Confused by Japan’s cycling laws? You aren’t the only one
Nothing gets your day off to a good start like an altercation with a traffic cop. I was cycling along my usual route to work recently, and stopped to make a right turn at a crossroads, only to find myself caught in the sights of an over-zealous (or possibly just bored) police officer. With stern whistle toots and increasingly vexed shouts of “Dame!” he sought to convey that I should actually be using the pedestrian crossing if I wanted to attempt such a risky maneuver.
Now, I’m not riding a mama-chari. I’ve overtaken ambulances on my trusty steed, and I wasn’t about to be told to act like an octogenarian toddling off on the way to the grocery store. Still, even as I bellowed back that the guy didn’t know what the hell he was talking about and rode swiftly forth, the inevitable doubt began to set in. Surely, surely a cop would be right about something like this?

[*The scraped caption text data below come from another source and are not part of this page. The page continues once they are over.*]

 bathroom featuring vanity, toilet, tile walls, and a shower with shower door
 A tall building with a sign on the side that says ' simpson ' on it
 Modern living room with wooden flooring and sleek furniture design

“Oh, the police don’t really understand themselves,” says Shinichi Maniwa when I recount the story to him. “The beat cops don’t have that detailed an understanding of the traffic laws.”
In his capacity as an adviser at the Japan Cycling Association’s Cycling Information Center, Maniwa spends much of his time elucidating the vagaries of the country’s road rules. And, as you might have guessed, these get a bit confusing when it comes to bikes.

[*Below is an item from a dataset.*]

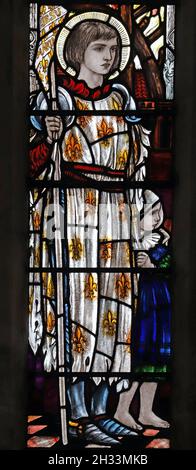 A stained glass window by Christpher Whall Studios 1920 depicting St Joan of Arc, St Leonard's Church, Apethorpe, Northamptonshire Stock Photo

“In general, the Road Traffic Law considers bicycles to be light vehicles,” he says. “But to motorists, cyclists are like pedestrians in the street—they can’t help seeing them as a nuisance.”
The situation was complicated by a 1970 revision of the law that allowed bicycles to ride on the sidewalk. The change came in response to a sharp rise in car use, along with pressure from an increasingly influential auto industry that wanted to keep traffic moving as smoothly as possible on the roads. This in turn helped spawn one of the most ubiquitous features of Japanese society: the mama-chari.

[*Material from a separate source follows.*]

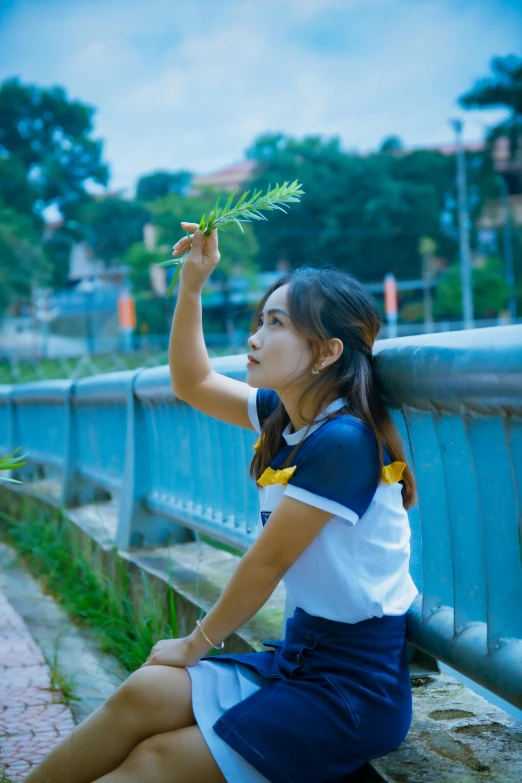 a girl with a flower in her hand on the rail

“It’s an interesting beast, isn’t it?” says Maniwa. “There aren’t many bicycles which go that slowly. If you ride a bike with drop handlebars on the sidewalk, it’s dangerous. So they kept the rider upright, lowered the center of gravity, and you got something that could travel alongside pedestrians. After that, bikes acquired the aura of something that belonged on the sidewalk.”
Yet the law doesn’t go so far as to state that they always belong there. In fact, bicycles are only allowed on the sidewalk in designated areas—something that even the cops themselves tend to get wrong.
“The truth be known, I actually enjoy the randomly enforced bicycle laws,” confesses long-term Japan resident Byron Kidd, an Australian software engineer who chronicles his cycling exploits in the Tokyo by Bike blog. “As long as you exercise some common sense and ride safely, the Japanese cycling laws are more like cycling guidelines, and that works in a cyclist’s favor more often than not.”
Despite living in “one of the most bicycle dependent cities on the planet,” Kidd thinks that most of Tokyo’s bike-riding denizens are fairly clueless about even the basics. You know, things like which side of the street to ride on. “A large portion of the population either have no driver’s license or are ‘paper drivers,’ [so] there is less awareness of the road rules,” he says.
“As the road rules are so inconsistently enforced, there is a lot of confusion as to what is a ‘law’ and what is simply generally accepted good cycling practice… What works for you on the road today won’t necessarily work for you tomorrow.”
That’s sage advice. When I did some research of my own, I discovered that the officious cop who’d soured my morning ride had actually been right—he was just choosing to enforce a (rather silly) rule which most of his peers might have let slide. But not to worry: I took the same route this morning, and he wasn’t there any more.